TASK: Beginning at the line that holds "Let's hear our", repeat every line through the last line of the material, exactly, and drop any pictures.

*** Opening INFORMATION SUPPLIED ***

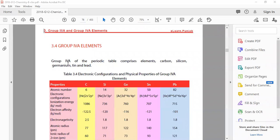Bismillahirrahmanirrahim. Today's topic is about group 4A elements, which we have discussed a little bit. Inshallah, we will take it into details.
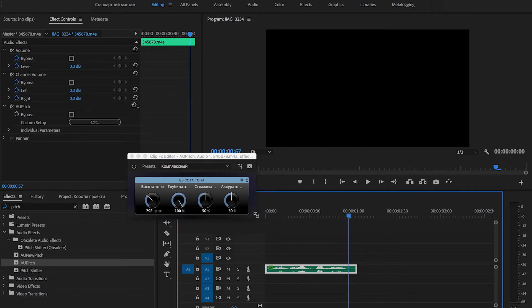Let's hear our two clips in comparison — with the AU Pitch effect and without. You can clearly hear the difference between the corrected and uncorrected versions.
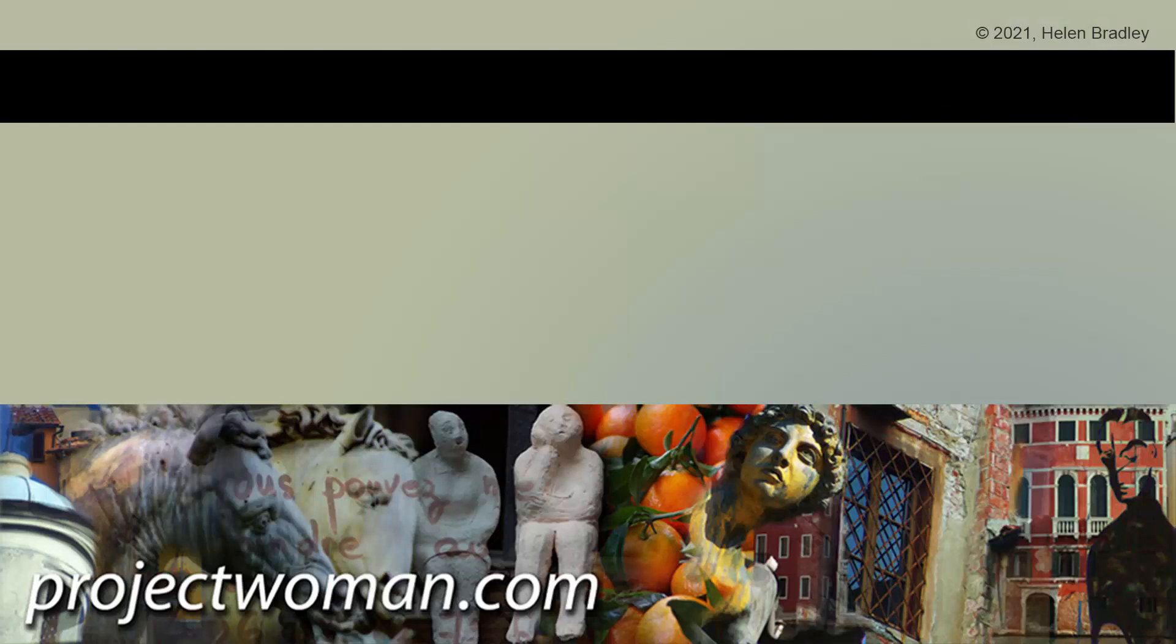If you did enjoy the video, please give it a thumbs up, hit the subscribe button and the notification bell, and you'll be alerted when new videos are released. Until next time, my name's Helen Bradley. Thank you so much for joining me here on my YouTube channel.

*** Closing INFORMATION SUPPLIED ***

COMPLETED TASK:
Let's hear our two clips in comparison — with the AU Pitch effect and without. You can clearly hear the difference between the corrected and uncorrected versions.
If you did enjoy the video, please give it a thumbs up, hit the subscribe button and the notification bell, and you'll be alerted when new videos are released. Until next time, my name's Helen Bradley. Thank you so much for joining me here on my YouTube channel.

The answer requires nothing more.